In the race to offer customers the fastest delivery of online orders, many retailers are exploring the use of drones to deliver merchandise. One of the challenges they face is finding a safe and simple way to drop off the packages at their destination, especially in crowded urban areas.
Walmart Inc. has filed two patent applications for delivery systems that aim to solve this problem. Both are designs for a drone system to make deliveries to high-rise and medium-rise apartment buildings or offices.
Perhaps the simpler of the two is a window unit for receiving packages from an “unmanned aerial vehicle,” as drones are called in the sphere of autonomous delivery. According to the patent application, it consists of a frame attached to a building wall and window ledge, with a net inside the frame. The net receives the package, and the customer opens the window to retrieve it.
The other delivery device is more complex, involving both a shelf with a trap door mounted to an outside wall to receive the package and a transport system to move the delivered item indoors.
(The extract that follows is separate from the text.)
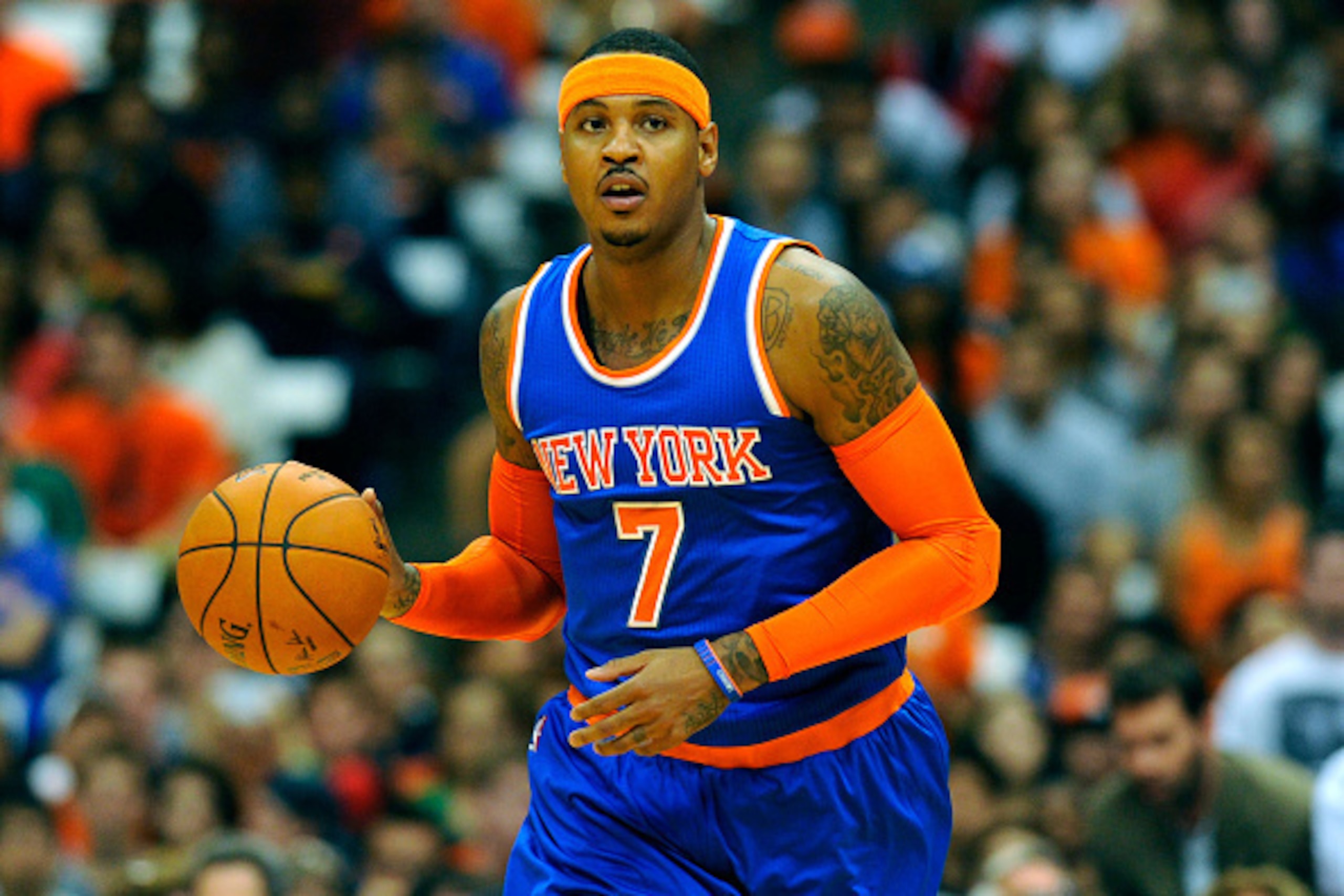 SYRACUSE, NY - OCTOBER 14:  Carmelo Anthony #7 of the New York Knicks dribbles the ball up the court during a preseason game at the Carrier Dome on October 14, 2014 in Syracuse, New York.  The Knicks defeated the 76ers 84-77.  NOTE TO USER: User expressly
The transport system could be a slide, chute, conveyor belt or elevator, the document states.
The Bentonville retailer has filed hundreds, if not thousands, of patents related to drones and other autonomous delivery systems. There’s no guarantee any of them will ever be implemented.
A Walmart spokesman said Wednesday that the company has no plans for either of the drone delivery systems at this time. The spokesman didn’t say whether Walmart has a timeline to begin testing deliveries by drone.
Both applications were filed in late March and published Oct. 3. According to the U.S. Patent and Trademark Office, patent applications are typically published 18 months after the filing date. There are exceptions, though, and filers can ask that applications be published sooner.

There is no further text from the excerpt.